Volunteers prepared for spawning toads

08:36AM, Friday 02 February 2024

Volunteers prepared for spawning toads

VOLUNTEERS from Henley Toad Patrol have built a temporary barrier along the A4155 from Henley to Marlow to prevent migrating toads from crossing the busy road.

The barrier was built on Saturday morning and extends 489m from Oaken Grove Wood to the Henley Showground.

The volunteers drove wooden stakes into the ground and attached plastic sheeting to it.

Toads, frogs and smooth newts that live in the wood and will soon be making their annual migration to their spawning ponds in the grounds of Henley Business School on the opposite side of the road will be stopped by the sheeting.

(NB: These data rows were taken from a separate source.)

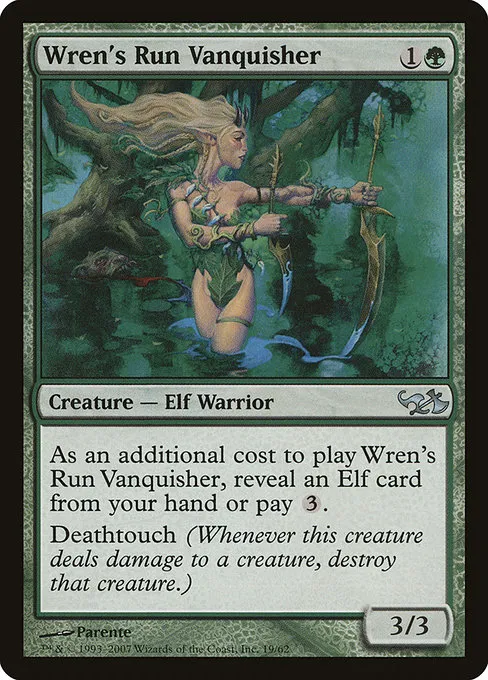 Wren's Run Vanquisher · Duel Decks: Elves vs. Goblins 19/62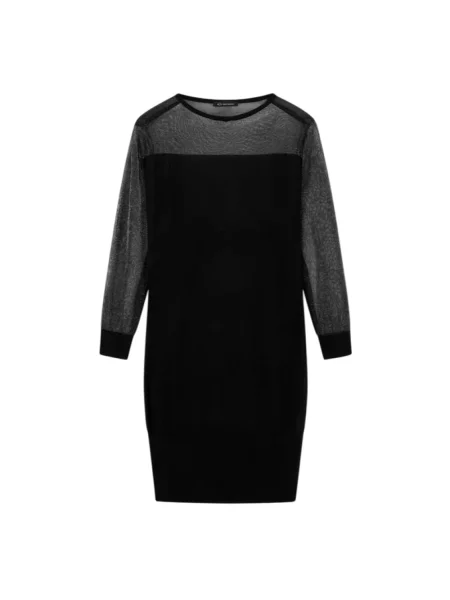 Sukienka Armani Exchange czarna
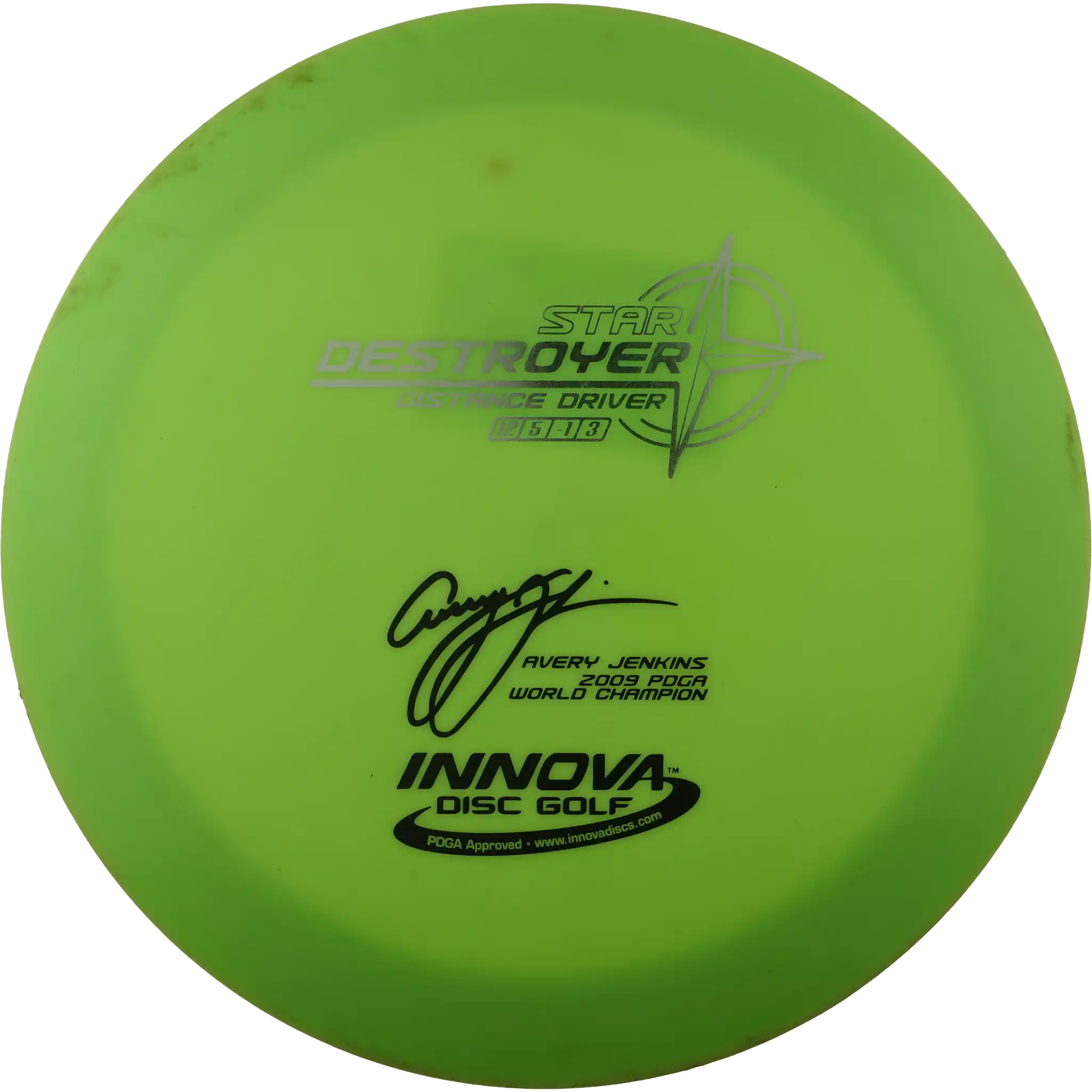 Star Destroyer - Avery Jenkins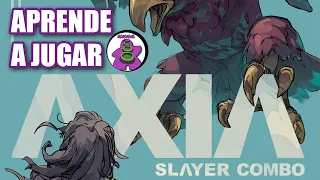 AXIA Slayer Combo Tutorial juego de mesa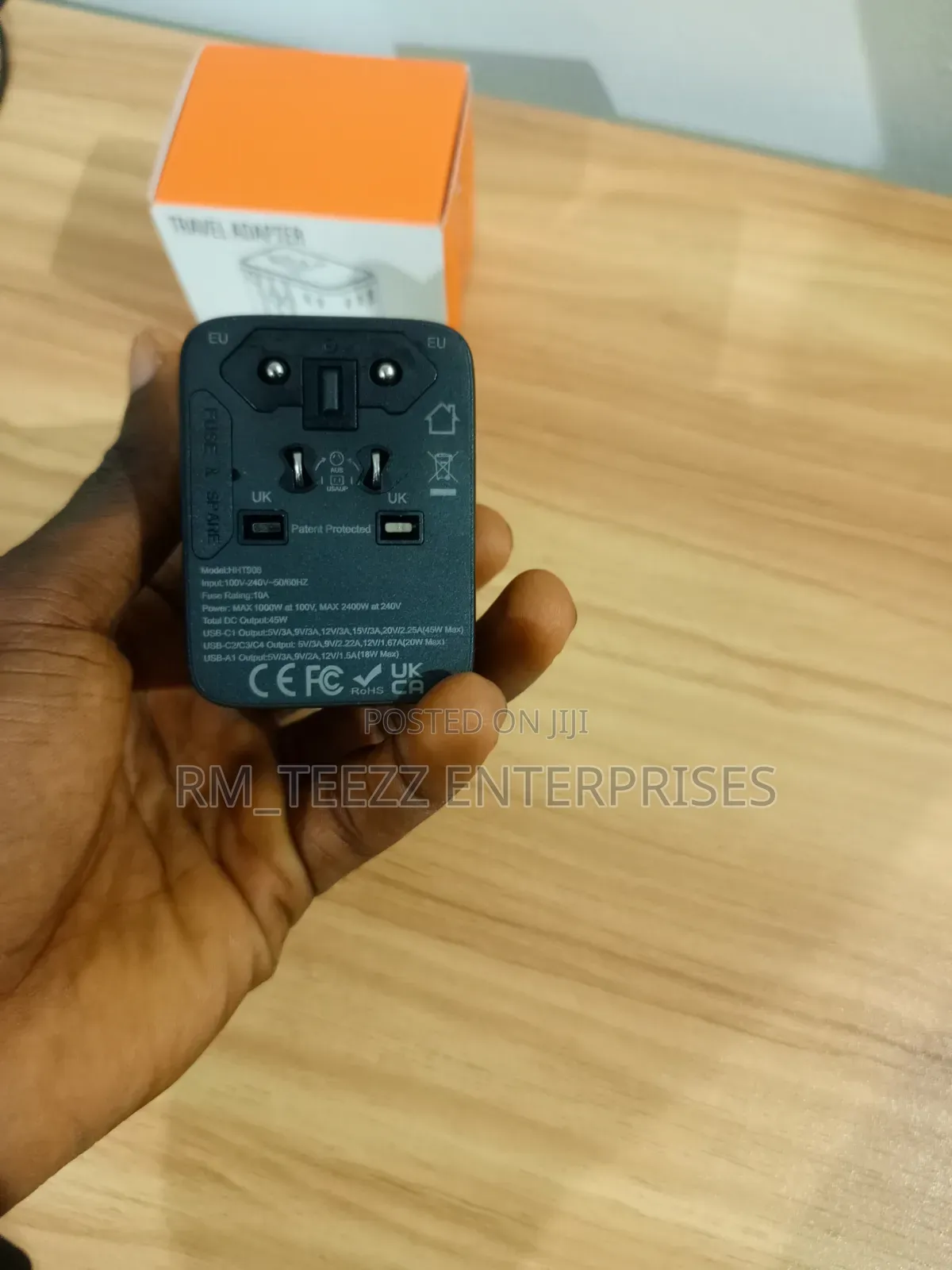 45W Universal Travel Adapter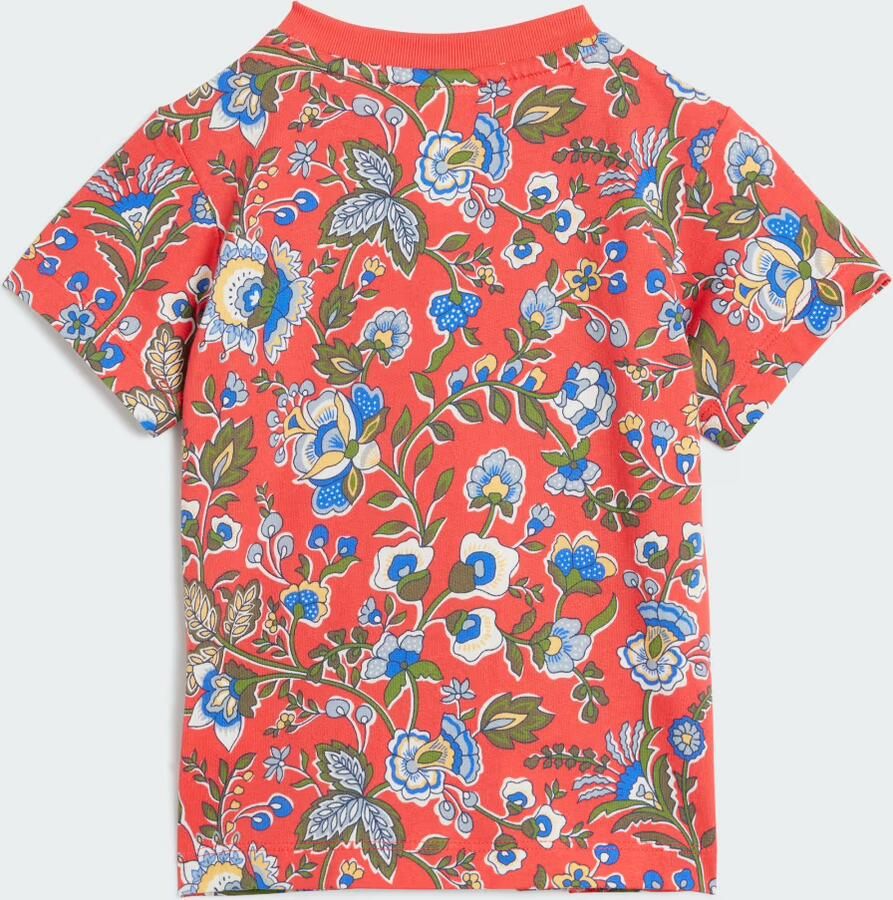 Adidas Originals x Liberty London Short T-shirt Set Kids - Foto 2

Every evening from now until early April, volunteers will check the barrier for amphibians and carry them safely across the road to the ponds in buckets.

Henley Toad Patrol was founded in 1999 by Professor John Sumpter and Alan Parfitt. Since then, volunteers have carried 131,000 toads across the road at an average of 5,511 per year. Last year, the total was more than 5,600.

Organiser Angelina Jones, 57, from Henley, said: “Maintaining the population is the sole objective. This is only made possible by the dedicated volunteers and the Culden Faw Estate which kindly allows access during the whole of the migration period.”